IFRS 15 has been published in May 2014 and adopted by the EU on 22 September 2016. For financial years beginning on or after 01 January 2018, either the full retrospective application or a modified retrospective application is mandatory. An early application of the standard is permitted. It introduces a new model for recognising revenue in five analytical steps which shall be applied to all revenues from contracts with customers. The core principle of the standard is that a company shall recognise revenue at the time of transfer of goods or services to customers in the amount of the return which the company may expect in exchange for the transfer of these goods or services.

The basic principles in IFRS 15 offer a structured approach to evaluate and recognise revenue. The standard is to be applied in all kinds of companies across all branches and thus replaces all other existing regulations regarding revenue recognition (IAS 11 Construction Contracts, IAS 18 Revenue, IFRIC 13 Customer Loyalty Programmes, IFRIC 15 Agreements for the Construction of Real Estate, IFRIC 18 Transfers of Assets from Customers and SIC 31 Revenue – Barter Transactions Involving Advertising Services).

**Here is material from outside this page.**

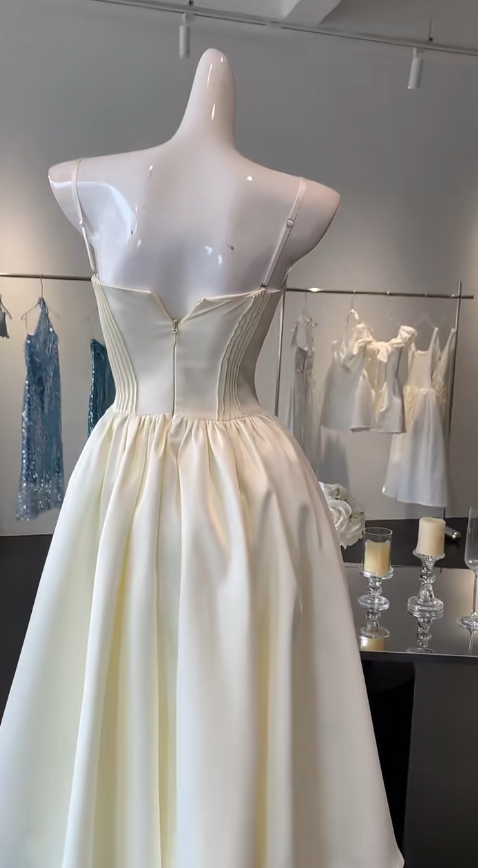 Cream Spaghetti Straps A-Line Satin Short Prom Dresses Birthday Evening Gowns HZ1024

Application of the new standard requires more valuations and arbitrary decisions as compared to the standards that currently apply for revenue recognition, as the amount of revenues to be recognised is determined by the amount of the return which the company may expect in exchange for the transfer of goods or services. Particular challenges may arise especially in the case that a return is variable.

The present status of analysis does not lead us to expect any significant implications of the amended regulations for net assets, financial position and results of operation.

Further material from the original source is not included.